Dünyadaki genel duruma baktığımızda, değişim çabalarının olduğu görülüyor. Ülkemizde de demokrasinin ve ademi merkeziyetçi bir sistemin kurulmasının kadınların gücüyle gerçekleşeceği aşikâr. Elbette, liderliği YPJ’nin görev ve sorumluluğundadır. YPJ’nin entegrasyon meselesinin bir parçası olmadığını tekrar vurguluyoruz. O, komuta yetkisine sahip özerk bir güçtür. Ancak, kamusal değerleri ve çıkarları koruma konusunda genel mekanizma içinde aktif olarak yerini alacaktır. Son 12 yılda ortaya çıkan tüm değerler, mücadelenin sonucudur. Dolayısıyla, hiç kimse kadınlara bu hakları vermediği için, kadın haklarını onlardan almaya hakları yoktur. Bir başka deyişle, hiçbir güç kadın haklarını kolayca kısıtlayamaz. Bu konuda hiçbir endişemiz yok ve kendimize çok güveniyoruz.
ŞAM YÖNETİMİ ÇIKMAZA GİRMEK İSTEMİYORSA KADINLARI TANIYACAK
Şunu açıkça belirtelim, entegrasyon taviz vermek anlamına gelmez. Biz entegrasyonu dayanışma, ortaklık ve demokratik birlik olarak anlıyoruz. Umuyoruz ki karşı taraf da aynı tutumu sergiler. Biz ve Şam yönetimi bu konuda anlaşmazsak hiçbir sorun çözülemez. Elbette rejimin devrilmesinden sonra başlayan aşama çok yeni. Önemli olan tüm tarafların özgür bir bakış açısına sahip olması ve kadın kimliğine saygı duymasıdır. Kadın iradesi anayasal olarak tanınmazsa, Suriye’de bir değişim niyetinin olmadığı ortaya çıkar.

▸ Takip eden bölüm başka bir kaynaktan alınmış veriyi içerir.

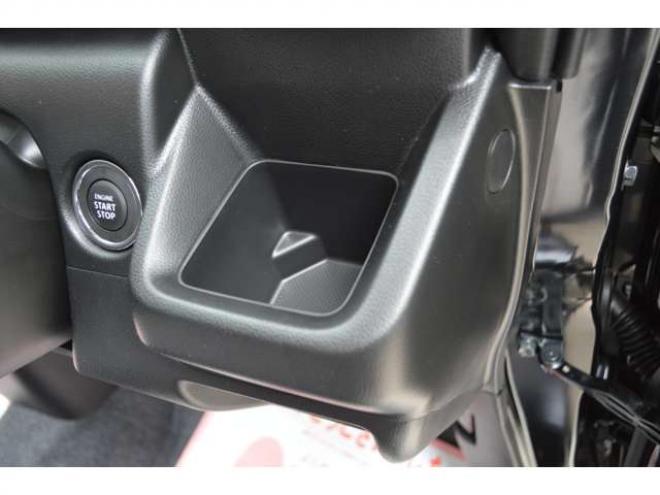 ワゴンRZL 4WD　届出済未使用車4WDセーフティサポート搭載スズキコネクト対応通信機装着車アイドリングストップバックアイカメラハイビームアシストLEDライトシートヒータースマートキー 登録済未使用車 660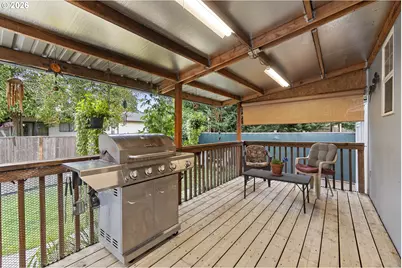 8325 NE Going Pl, Portland, OR 97220 - Photo 26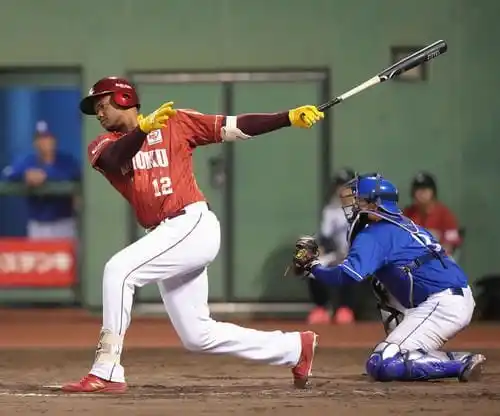 Image from Béisbol Japonés.com: 🚨¡ATENCIÓN!🚨 🇩🇴Oscar González debutó hoy (10/06/2025) en la máxima...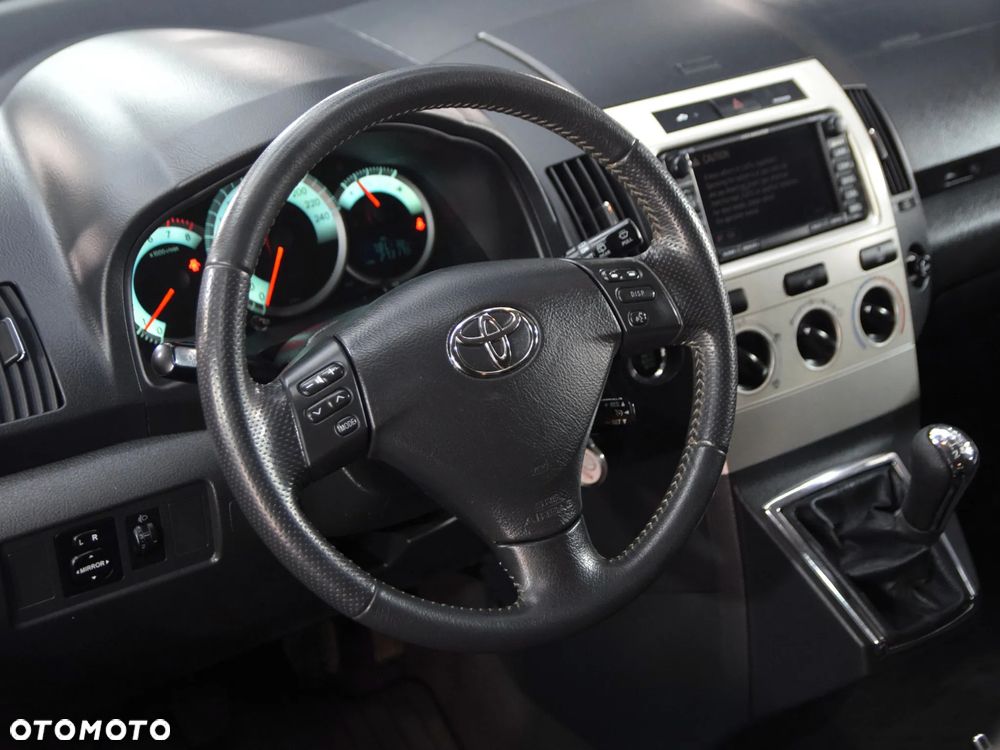 Toyota Corolla Verso 1.6 Terra - 16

Şam’daki mevcut yönetim, kadın haklarını tanımaktan uzak olduğu kadar merkezî bir konumdadır. YPJ’nin iradesini kabul etmek, Şam yönetimini onaylamaktan daha fazlasıdır. YPJ, varlığını dünya sahnesinde kanıtlamıştır. Son olarak, Şam yönetimi çözüm konusunda herhangi bir çıkmaza girmek istemiyorsa, kadınların özgür iradesini kabul etmesinin şart olduğunu söylüyoruz. Suriye’de kadın haklarının korunmasının garantör gücü YPJ’dir ve bu nedenle YPJ’nin varlığına son verme düşüncesi veya çabası gündemde değildir. Elbette gelişmelere bağlı olarak YPJ’nin örgütsel sisteminde değişiklikler yapılabilir ama her koşulda kadın koruma gücü olarak varlığını sürdürecektir.